I hadn't realized that it was called Sault Ste. Marie on your side of the border too.


----------



## Addie (Mar 4, 2012)

And I didn't know you had one with the same name also.


----------



## Addie (Mar 4, 2012)

I can feel the heat from the grill in the last shot. Great pics and great food.

 extraordinaire!


----------



## buckytom (Mar 4, 2012)

nice job, chief!! now that's dedication!

how about some winter grilled pork tenderloins:








not as much snow, though.


----------



## Chief Longwind Of The North (Mar 4, 2012)

buckytom said:


> nice job, chief!! now that's dedication!
> 
> how about some winter grilled pork tenderloins:
> 
> ...



Sign me up and pass the sweet spuds and honey mustard sauce.

Seeeeeya; Chief Longwind of the North


----------



## FrankZ (Mar 4, 2012)

Now ya got me wanting snow so I can go out and use the grill.... This late in the season I suppose it will be next year before I get my snow and can grill.


----------



## Addie (Mar 4, 2012)

Call your nearest ski resort and have them come over with their snow making machine.


----------



## babetoo (Mar 5, 2012)

you guys are demented.


----------



## taxlady (Mar 5, 2012)

babetoo said:


> you guys are demented.



Thank you.


----------



## justplainbill (Mar 5, 2012)

Roast turkey, chestnut stuffing, and butternut squash.


----------



## Andy M. (Mar 5, 2012)

I'm curious how far from your door was the grill?  I appears to be a significant distance.  

I keep my grill about two feet from the back slider on the deck.  I can stand in my dining room and grill through the open door.


----------



## Chief Longwind Of The North (Mar 5, 2012)

Distance from door to sheltered by snowbank grill is about 30 feet.  

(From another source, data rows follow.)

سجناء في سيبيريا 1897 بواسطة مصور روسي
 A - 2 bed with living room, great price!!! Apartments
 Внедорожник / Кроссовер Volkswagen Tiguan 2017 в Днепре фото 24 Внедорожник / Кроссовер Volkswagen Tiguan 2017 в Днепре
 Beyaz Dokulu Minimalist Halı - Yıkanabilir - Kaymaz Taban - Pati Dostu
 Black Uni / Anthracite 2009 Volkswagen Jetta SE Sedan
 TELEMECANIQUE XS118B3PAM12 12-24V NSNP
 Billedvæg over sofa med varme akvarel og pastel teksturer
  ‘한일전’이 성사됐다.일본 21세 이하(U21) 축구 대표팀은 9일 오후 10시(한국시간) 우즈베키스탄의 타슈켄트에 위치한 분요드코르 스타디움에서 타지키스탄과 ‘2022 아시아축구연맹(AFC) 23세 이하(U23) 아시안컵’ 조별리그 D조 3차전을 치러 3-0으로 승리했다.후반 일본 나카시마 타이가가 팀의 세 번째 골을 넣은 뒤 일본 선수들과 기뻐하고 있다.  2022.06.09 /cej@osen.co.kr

Seeeeeeya; Chief Longwind of the Nroth


----------



## Chief Longwind Of The North (Mar 5, 2012)

babetoo said:


> you guys are demented.


 
"Sittin' on a hill in Escondido
Just waistin' my time
With a bag full of avacodoes
and a bottle full of wine"

Chrous from a vinyl LP that we have from when KGB radio (101.5FM) called Home-Grown, that featured local artist songs.

No snow in Escondido. not many avacodo trees anymore, from what I hear.

I lived in the San Diego area for about twelve years.  I lived on Coranado Island, San Diego, El Cajon, Santee, and Lakeside at various times.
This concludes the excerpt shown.